▶ **ASSIGNMENT**:
Among the lines of the listing below, retype exactly those from the one containing "метамфетамин Лесосибирск" through the one containing "画像10: ガス圧式跳ね上げ＆BOX型引き出し収納連結ベッド【Valiente】バリエンテ ヘッドレス仕様", both included. Do not include pictures.

▶ **RECORDS FOR THIS TASK**:

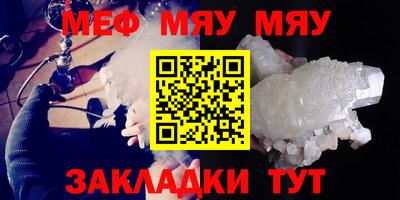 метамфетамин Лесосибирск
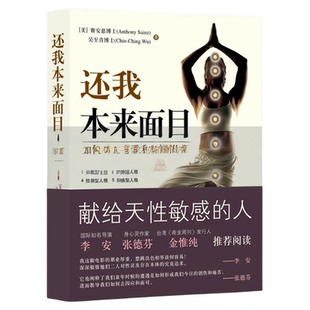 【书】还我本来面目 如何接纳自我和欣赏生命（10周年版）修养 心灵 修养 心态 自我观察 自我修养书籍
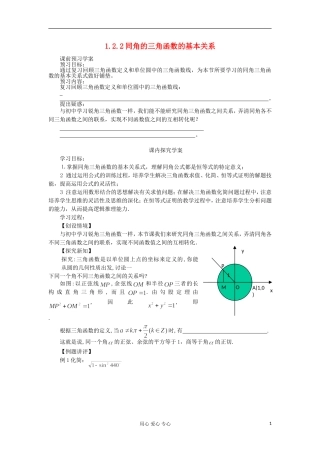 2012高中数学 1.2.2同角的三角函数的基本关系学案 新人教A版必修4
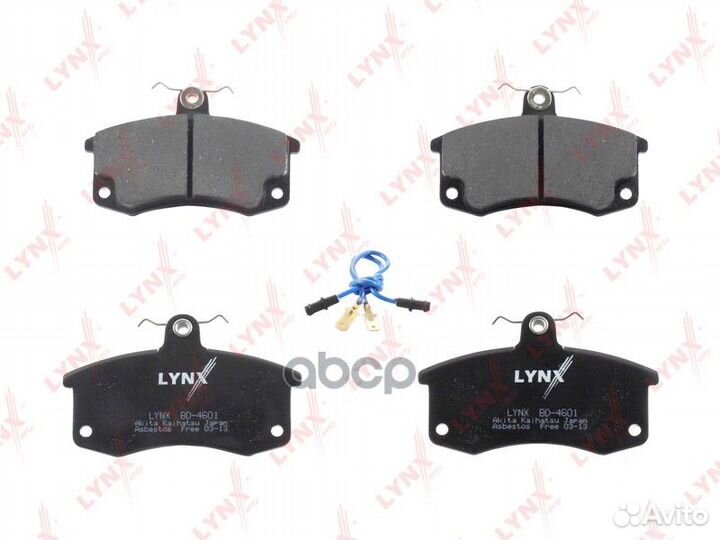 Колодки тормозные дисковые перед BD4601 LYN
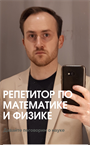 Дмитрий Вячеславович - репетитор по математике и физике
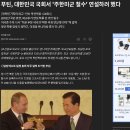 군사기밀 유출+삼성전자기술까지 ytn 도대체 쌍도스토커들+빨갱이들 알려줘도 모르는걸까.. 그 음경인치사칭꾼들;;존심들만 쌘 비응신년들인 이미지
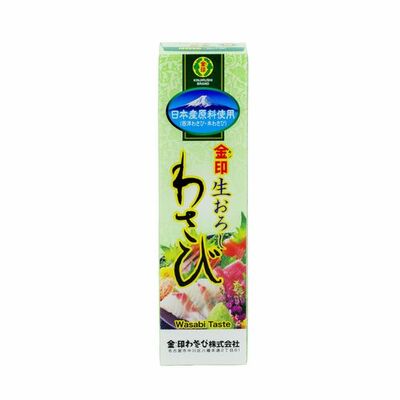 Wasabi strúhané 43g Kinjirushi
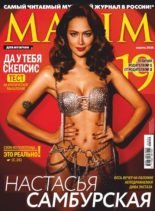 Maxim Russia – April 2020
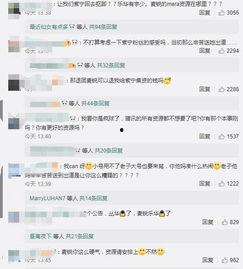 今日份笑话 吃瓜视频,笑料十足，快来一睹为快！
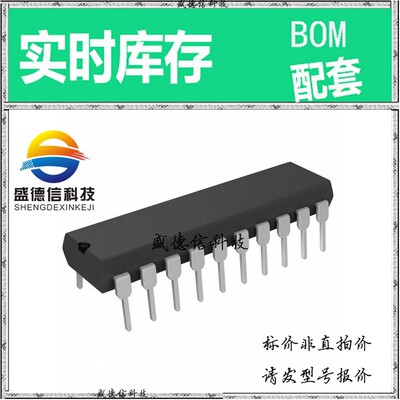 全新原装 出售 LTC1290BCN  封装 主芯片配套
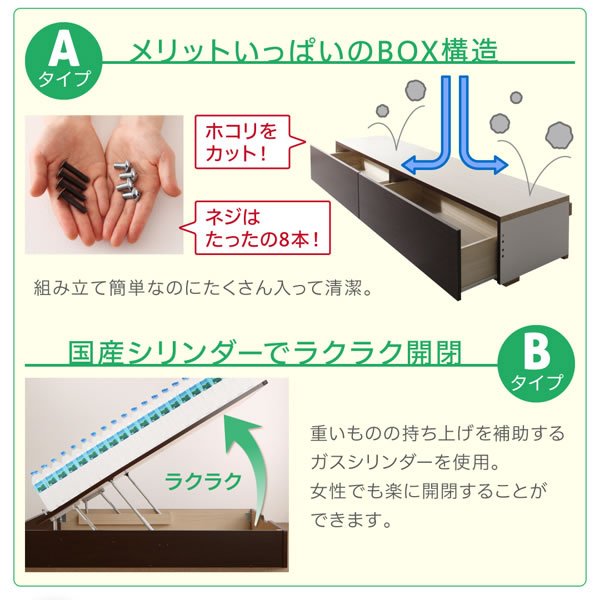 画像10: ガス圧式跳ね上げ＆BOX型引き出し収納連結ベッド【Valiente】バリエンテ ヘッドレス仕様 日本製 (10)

...

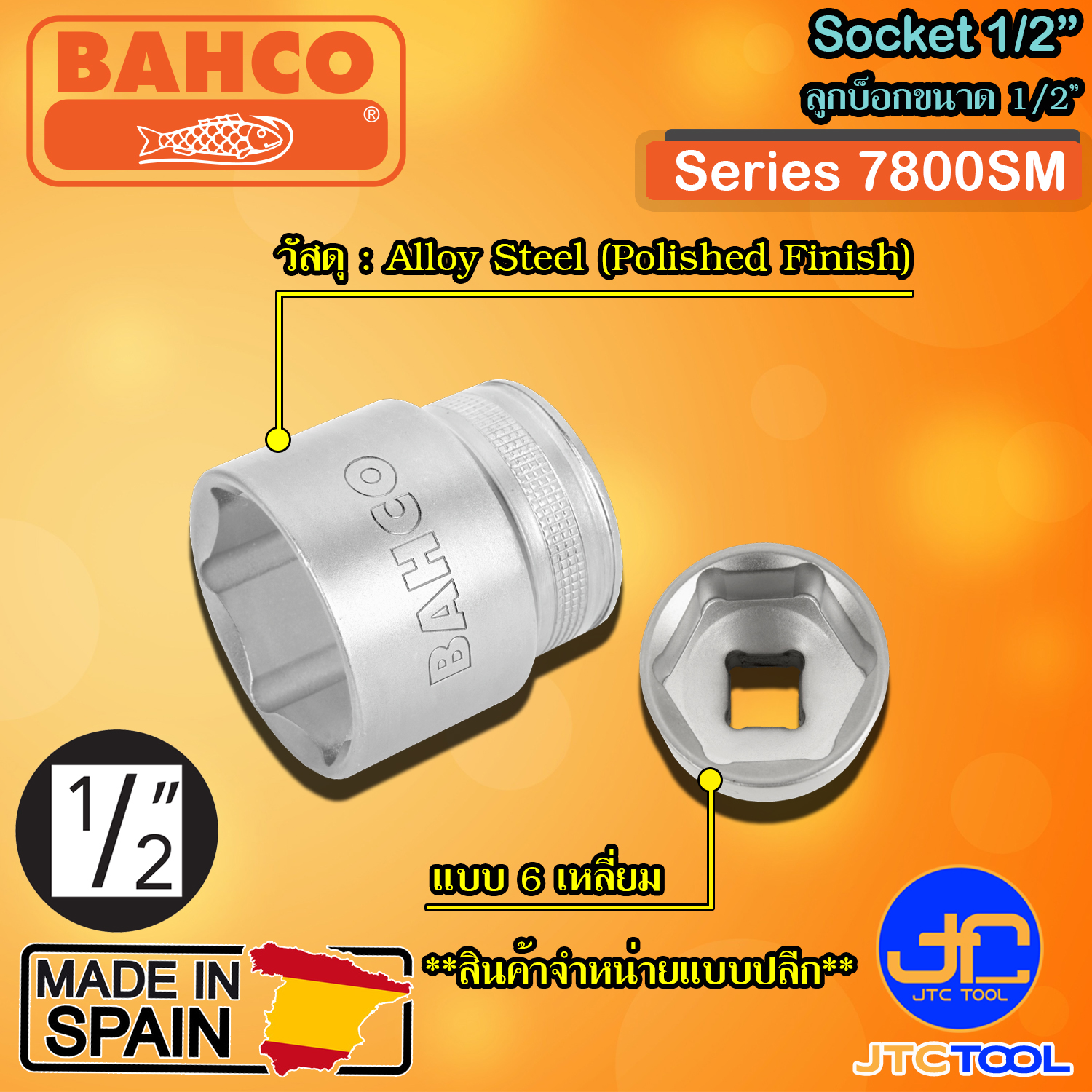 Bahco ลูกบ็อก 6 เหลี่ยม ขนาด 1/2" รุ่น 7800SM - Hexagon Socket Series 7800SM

* * *

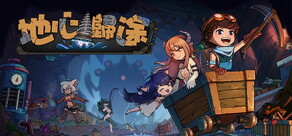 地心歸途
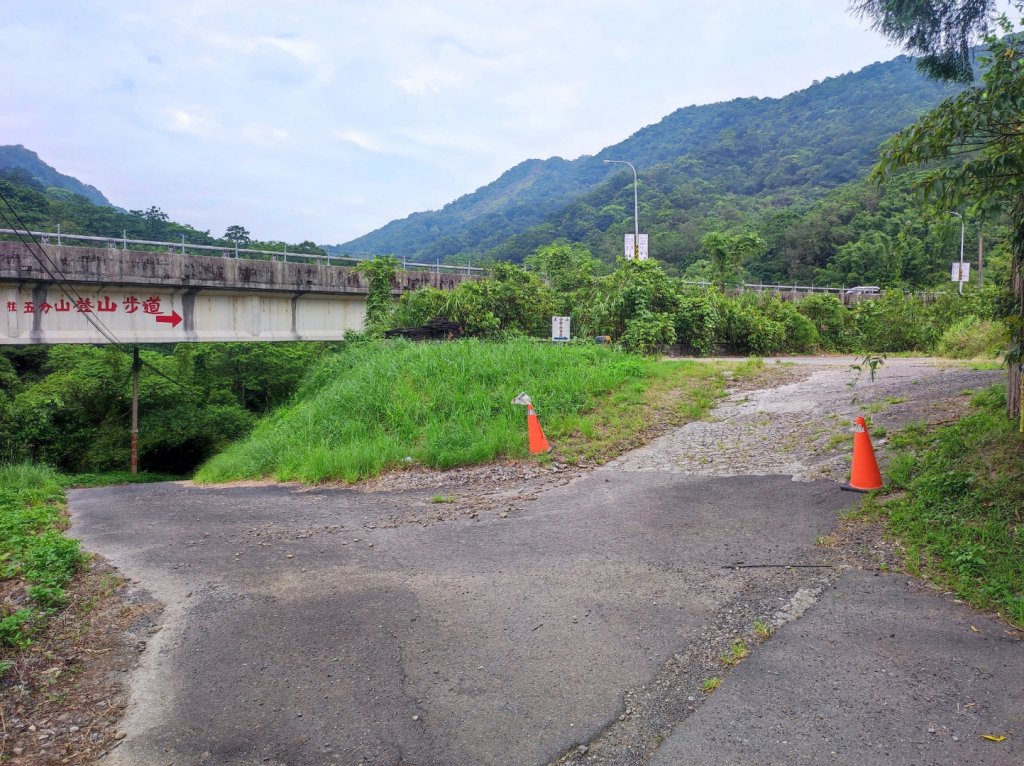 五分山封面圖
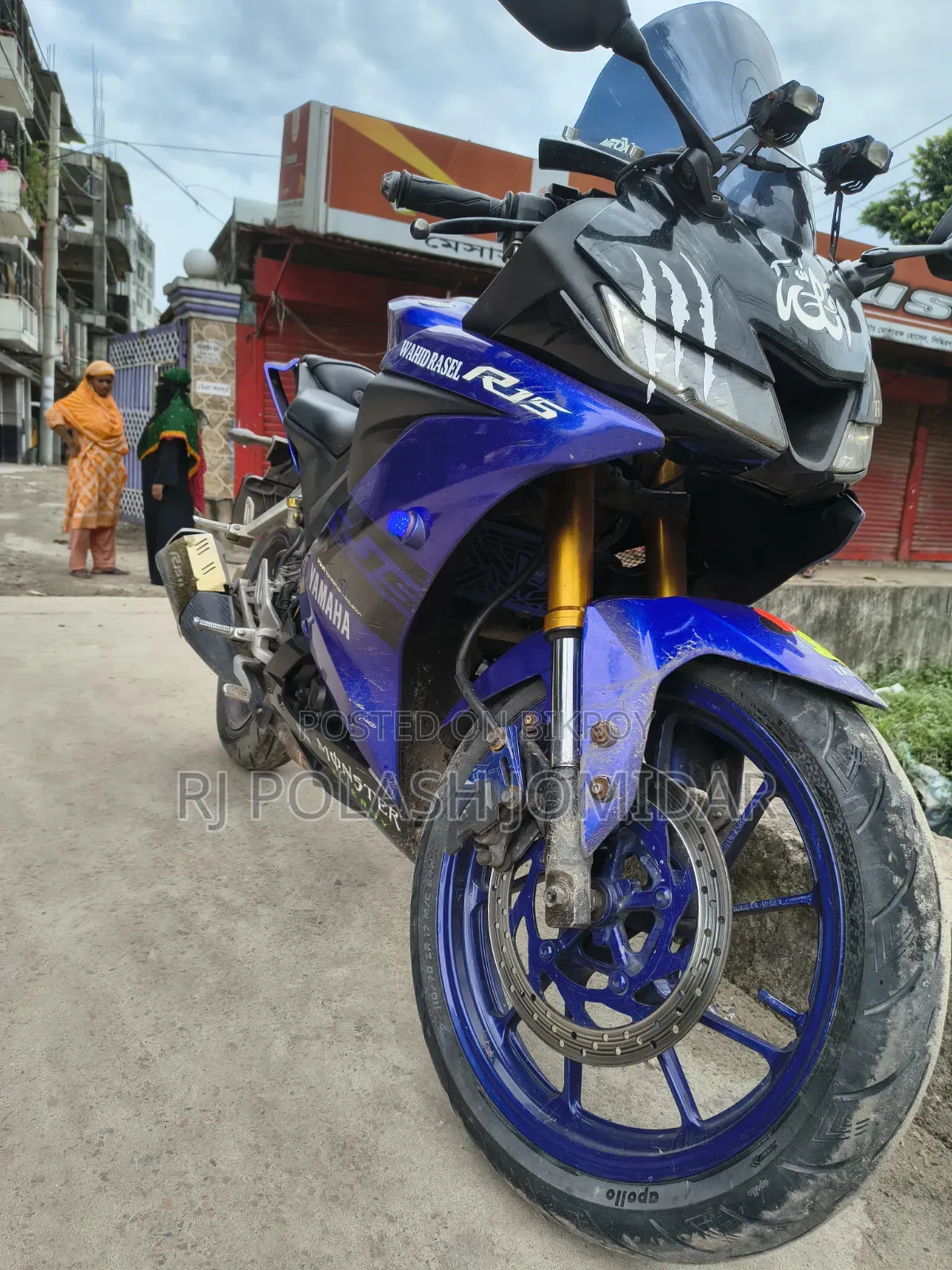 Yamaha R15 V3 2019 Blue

▶ **RESULT FOR THIS EXERCISE**:
 метамфетамин Лесосибирск
 【书】还我本来面目 如何接纳自我和欣赏生命（10周年版）修养 心灵 修养 心态 自我观察 自我修养书籍
 2012高中数学 1.2.2同角的三角函数的基本关系学案 新人教A版必修4
 Колодки тормозные дисковые перед BD4601 LYN
 Дмитрий Вячеславович - репетитор по математике и физике
 군사기밀 유출+삼성전자기술까지 ytn 도대체 쌍도스토커들+빨갱이들 알려줘도 모르는걸까.. 그 음경인치사칭꾼들;;존심들만 쌘 비응신년들인 이미지
 Wasabi strúhané 43g Kinjirushi
 Maxim Russia – April 2020
 今日份笑话 吃瓜视频,笑料十足，快来一睹为快！
 全新原装 出售 LTC1290BCN  封装 主芯片配套
 画像10: ガス圧式跳ね上げ＆BOX型引き出し収納連結ベッド【Valiente】バリエンテ ヘッドレス仕様 日本製 (10)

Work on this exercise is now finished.